[[ Record set open ]]

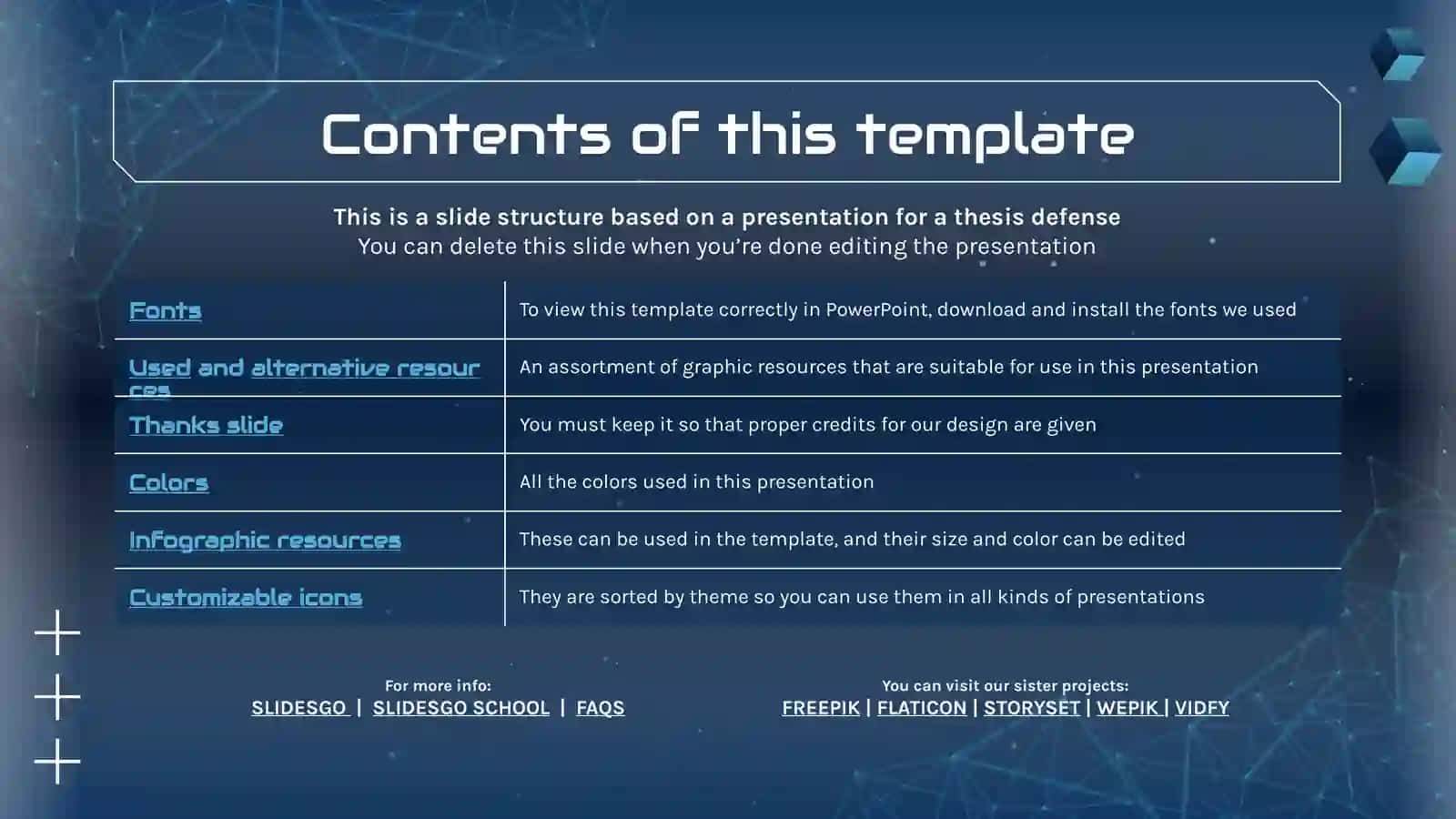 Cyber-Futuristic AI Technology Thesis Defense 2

[[ Record set closed ]]
[[ Record set open ]]

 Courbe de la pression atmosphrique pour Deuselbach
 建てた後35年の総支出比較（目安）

[[ Record set closed ]]

**Problem details:** Of the lines above, output exactly those from the line bearing "Courbe de la" through the line bearing "建てた後35年の総支出比較（目安）", inclusive.

**Answer to the exercise:**
 Courbe de la pression atmosphrique pour Deuselbach
 建てた後35年の総支出比較（目安）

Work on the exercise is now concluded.